:: Your task ::
Scan the entries for lines with the word "Pool" and copy those lines.

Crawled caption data
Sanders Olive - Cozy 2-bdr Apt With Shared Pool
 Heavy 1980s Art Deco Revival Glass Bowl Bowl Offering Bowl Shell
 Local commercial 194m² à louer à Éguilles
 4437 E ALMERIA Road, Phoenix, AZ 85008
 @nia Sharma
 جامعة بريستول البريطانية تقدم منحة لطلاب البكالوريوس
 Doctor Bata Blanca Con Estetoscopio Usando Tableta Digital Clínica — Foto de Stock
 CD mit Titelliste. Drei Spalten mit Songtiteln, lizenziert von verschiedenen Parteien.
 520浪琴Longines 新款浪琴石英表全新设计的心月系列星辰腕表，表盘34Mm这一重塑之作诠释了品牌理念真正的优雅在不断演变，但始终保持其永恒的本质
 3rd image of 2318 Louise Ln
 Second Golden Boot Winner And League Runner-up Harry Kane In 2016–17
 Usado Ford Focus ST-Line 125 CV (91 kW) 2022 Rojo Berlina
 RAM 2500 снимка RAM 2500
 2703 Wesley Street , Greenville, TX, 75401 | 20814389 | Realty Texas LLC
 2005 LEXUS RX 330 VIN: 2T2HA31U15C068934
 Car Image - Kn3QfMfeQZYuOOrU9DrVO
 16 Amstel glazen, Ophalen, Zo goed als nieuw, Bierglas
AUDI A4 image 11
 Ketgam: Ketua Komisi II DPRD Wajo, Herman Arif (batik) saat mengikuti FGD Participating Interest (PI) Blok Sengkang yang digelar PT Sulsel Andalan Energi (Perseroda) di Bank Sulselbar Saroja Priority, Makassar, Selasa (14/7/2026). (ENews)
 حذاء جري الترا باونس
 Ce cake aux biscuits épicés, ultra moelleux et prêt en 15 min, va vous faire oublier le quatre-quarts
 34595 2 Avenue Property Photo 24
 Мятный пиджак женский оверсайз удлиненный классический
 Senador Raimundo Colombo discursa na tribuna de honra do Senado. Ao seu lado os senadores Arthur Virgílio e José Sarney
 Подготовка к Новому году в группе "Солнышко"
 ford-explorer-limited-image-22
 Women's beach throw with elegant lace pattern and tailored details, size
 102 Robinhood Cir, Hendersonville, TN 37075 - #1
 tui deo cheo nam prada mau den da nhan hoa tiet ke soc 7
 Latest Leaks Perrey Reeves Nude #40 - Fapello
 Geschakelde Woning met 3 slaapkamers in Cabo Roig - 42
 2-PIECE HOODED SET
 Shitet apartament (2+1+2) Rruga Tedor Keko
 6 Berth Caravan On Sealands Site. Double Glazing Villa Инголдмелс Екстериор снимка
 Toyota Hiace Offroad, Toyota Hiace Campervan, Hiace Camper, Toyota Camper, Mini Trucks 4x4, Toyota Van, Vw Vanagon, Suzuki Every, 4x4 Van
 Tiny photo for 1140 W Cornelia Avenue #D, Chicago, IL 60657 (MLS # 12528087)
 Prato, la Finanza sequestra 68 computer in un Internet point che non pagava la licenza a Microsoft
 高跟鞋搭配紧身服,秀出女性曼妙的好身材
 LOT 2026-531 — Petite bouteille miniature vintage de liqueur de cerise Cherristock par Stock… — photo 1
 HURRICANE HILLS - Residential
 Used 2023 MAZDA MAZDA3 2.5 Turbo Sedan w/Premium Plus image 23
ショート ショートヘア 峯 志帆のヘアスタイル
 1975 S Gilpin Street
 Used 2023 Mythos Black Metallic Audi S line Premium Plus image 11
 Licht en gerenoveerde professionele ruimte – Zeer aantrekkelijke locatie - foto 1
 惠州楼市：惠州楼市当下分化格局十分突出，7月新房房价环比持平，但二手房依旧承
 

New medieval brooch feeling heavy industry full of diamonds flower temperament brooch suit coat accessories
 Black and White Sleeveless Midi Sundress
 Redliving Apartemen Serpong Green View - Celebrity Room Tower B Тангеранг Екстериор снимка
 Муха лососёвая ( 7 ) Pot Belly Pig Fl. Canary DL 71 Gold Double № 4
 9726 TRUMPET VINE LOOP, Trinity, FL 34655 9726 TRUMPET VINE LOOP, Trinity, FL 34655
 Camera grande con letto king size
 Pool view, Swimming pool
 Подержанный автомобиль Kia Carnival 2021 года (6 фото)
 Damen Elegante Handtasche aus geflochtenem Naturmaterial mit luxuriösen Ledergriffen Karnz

:: Answer box ::
Sanders Olive - Cozy 2-bdr Apt With Shared Pool
 Pool view, Swimming pool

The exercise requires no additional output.